Prove the number of unordered pairs of linearly independent elements

Question

Let $V$ be a vector space over $K$.

Let $K={\mathbb{Z}}/{p\mathbb{Z}}$, and $\dim V=3$.

We know that $V$ has $p^3$ elements.

I need to show that the number of unordered pairs of linearly independent elements of V is: $$ \frac1 2(p^3−1)(p^3−p). $$

Answer 1

As usual you can regard an element of $V$ as a triple $(x, y, z)$ of elements $x, y, z \in V$. The first element of any such unordered pair $(v_1, v_2)$ must be nonzero (otherwise the pair is linearly dependent), but otherwise there are no restrictions, that is, any nonzero element can be the first element of a pair. When specifying a vector in $V$ there are $p$ choices for each of $x, y, z$, so $p^3$ vectors total, and thus our first vector $v_1$ in the pair can be any of $p^3 - 1$ nonzero vectors.

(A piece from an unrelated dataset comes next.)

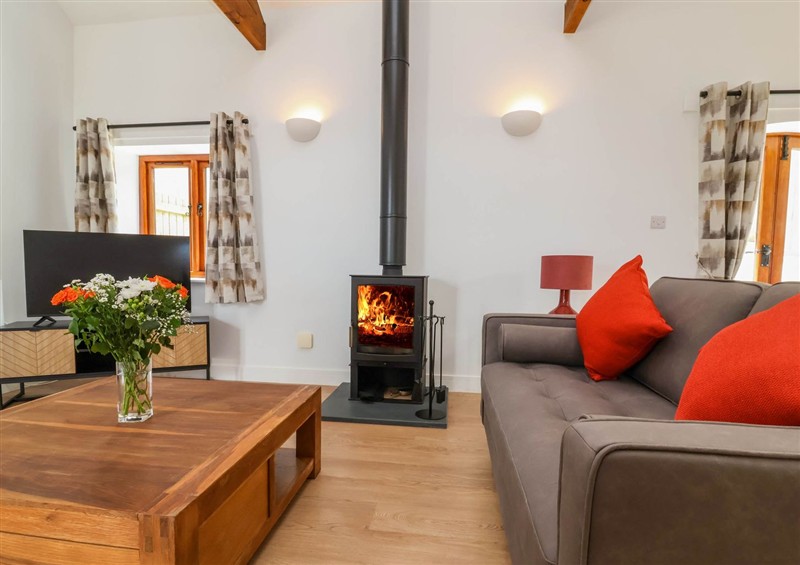 Inside at Woodland Roost, Parkham near Bideford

Now, for an arbitrary choice of first vector, how many choices are there for the second? How many pairs of choices are there in total? How do we account for the fact that we want unordered rather than ordered pairs?

A line of reasoning along these lines lets you compute, for example, the number of nondegenerate matrices (whose columns are linearly independent vectors) over a finite field $\mathbb{F}$, that is, the order of the finite group $GL(k, \mathbb{F})$ and its cousins.